INSTRUCTIONS TO FOLLOW =>
Take the line containing "Tổng Bí thư" and each line after it through the end of the data below, and return them exactly, minus any pictures.

GIVEN RECORDS =>
━━━━━━━━━━━━━━━━━━━━

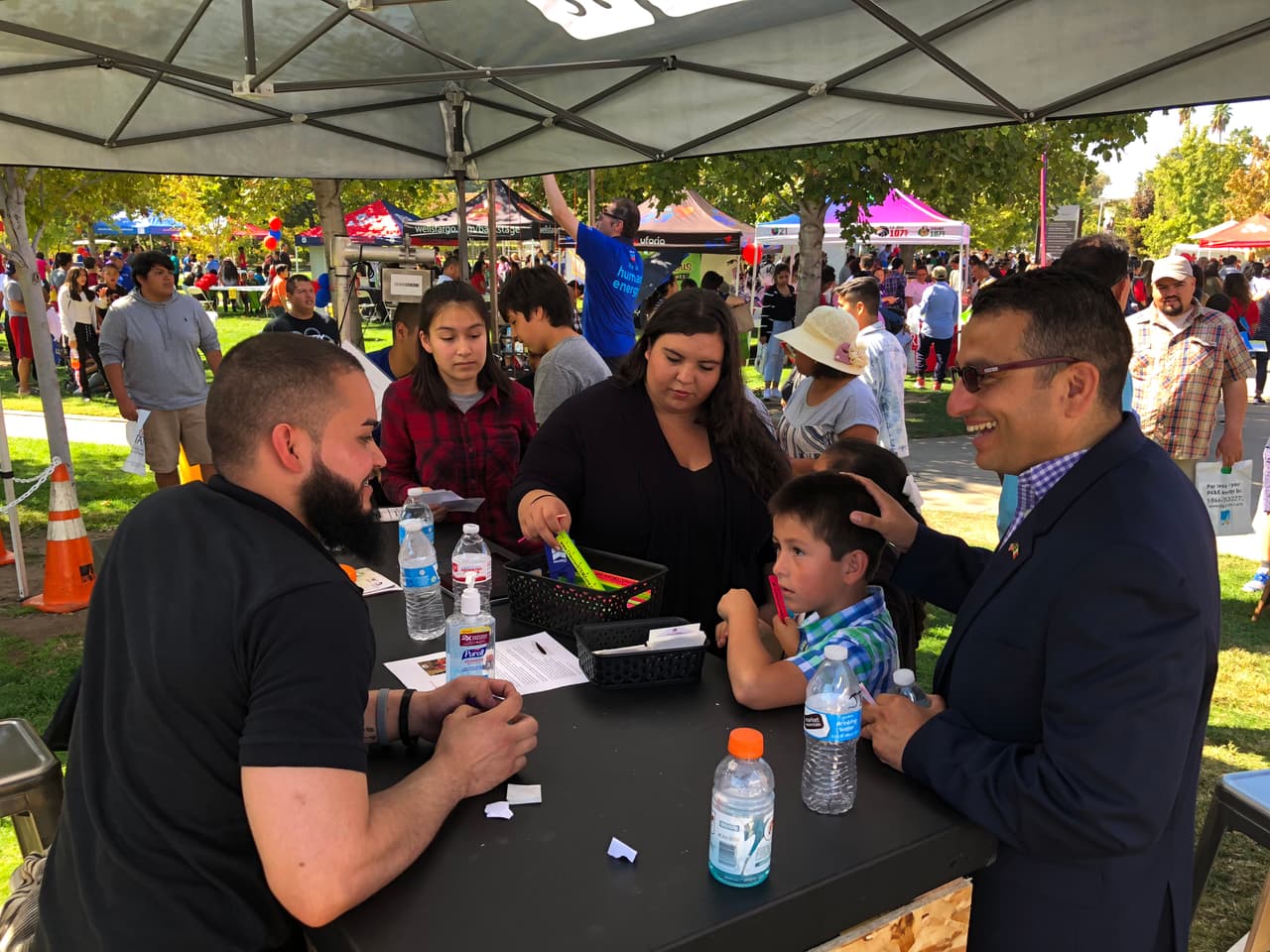 Desde Modesto a Bakersfield; familias hicieron el viaje a Fresno State para aprovechar toda la información importante para el futuro de nuestras familias.
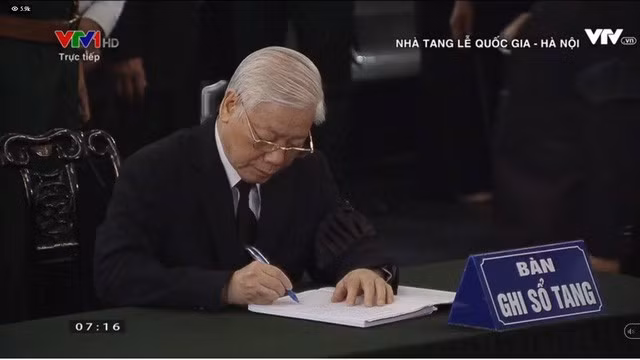 Tổng Bí thư Nguyễn Phú Trọng gửi lời chia buồn trong sổ tang.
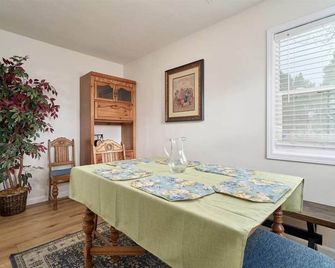 Family 5BR Retreat Sleeps 11 by College, Hospital - Torrington - Comedor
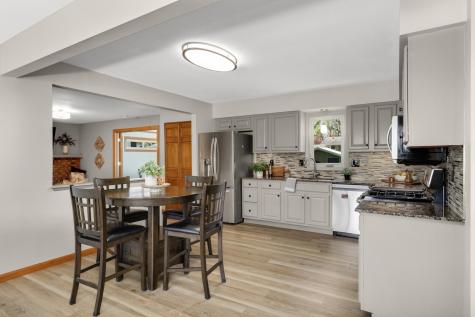 8556 Irwin Road Bloomington MN 55437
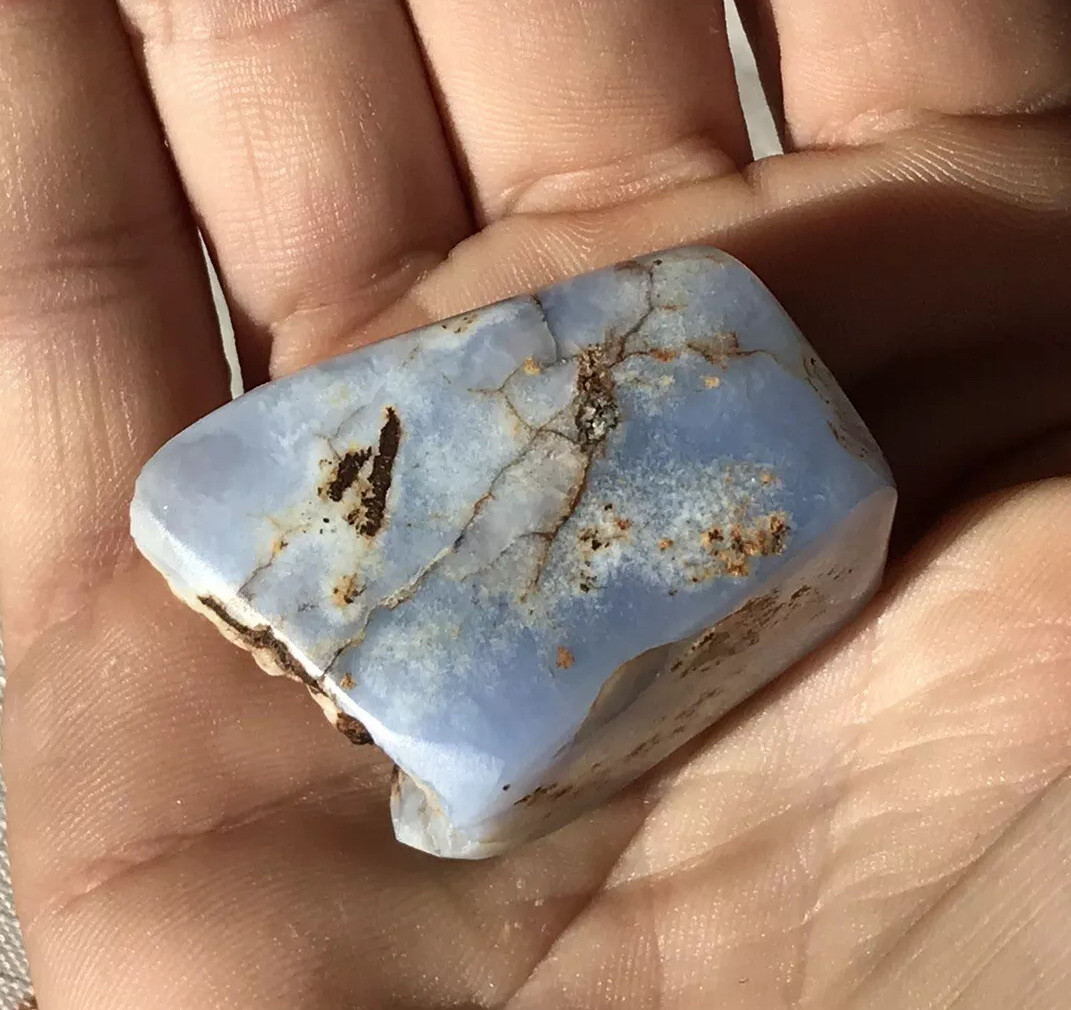 Ellensburg Blue Agate 178.8 Carats Very Rare Gemstone Mineral Specimen Carnelian
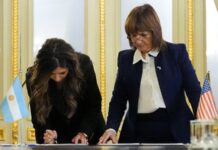 Estados Unidos postergó el acuerdo para que los argentinos puedan viajar sin visa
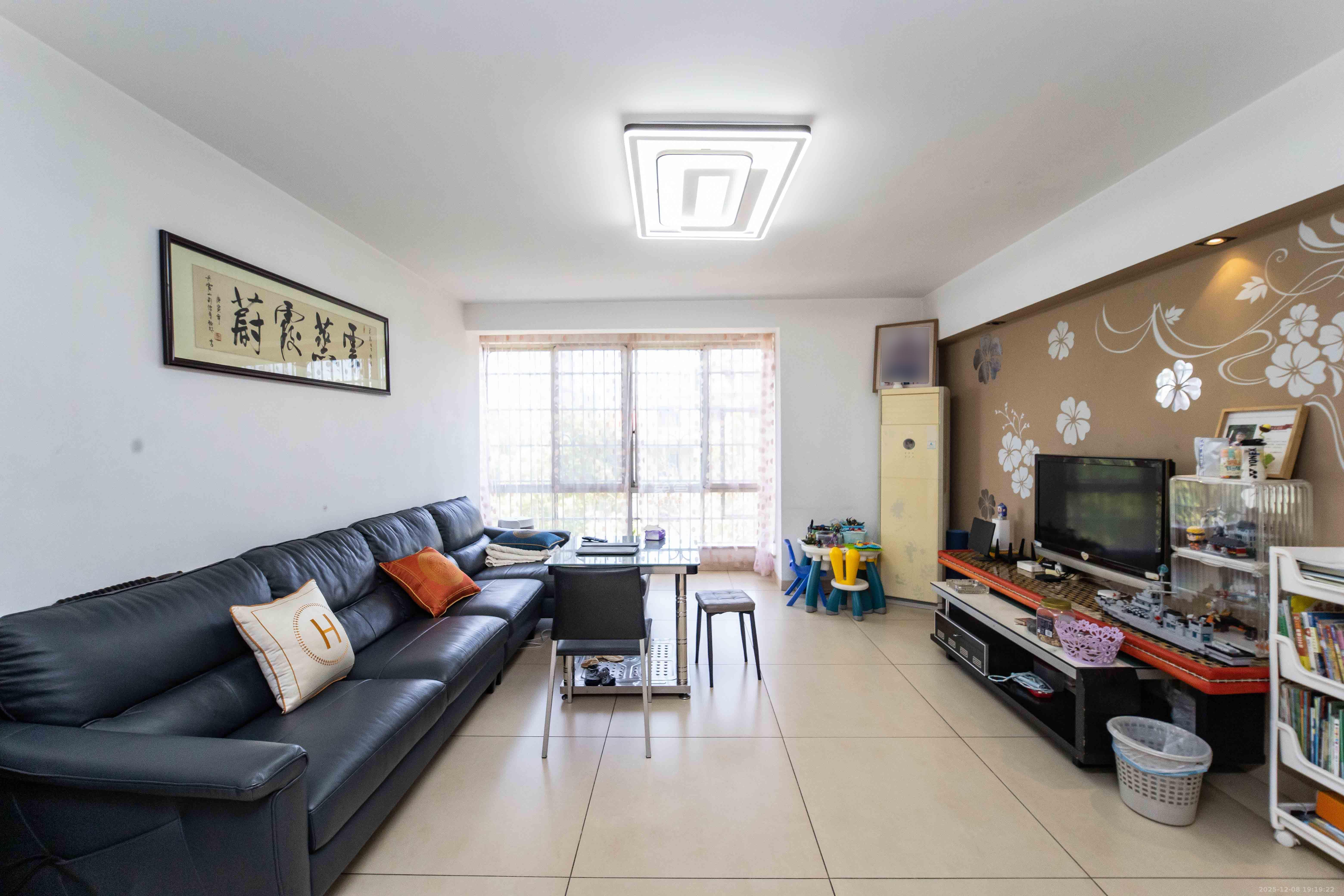 新世纪家园  3室2厅2卫    94.0万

━━━━━━━━━━━━━━━━━━━━

TASK RESULT =>
 Tổng Bí thư Nguyễn Phú Trọng gửi lời chia buồn trong sổ tang.
 Family 5BR Retreat Sleeps 11 by College, Hospital - Torrington - Comedor
 8556 Irwin Road Bloomington MN 55437
 Ellensburg Blue Agate 178.8 Carats Very Rare Gemstone Mineral Specimen Carnelian
 Estados Unidos postergó el acuerdo para que los argentinos puedan viajar sin visa
 新世纪家园  3室2厅2卫    94.0万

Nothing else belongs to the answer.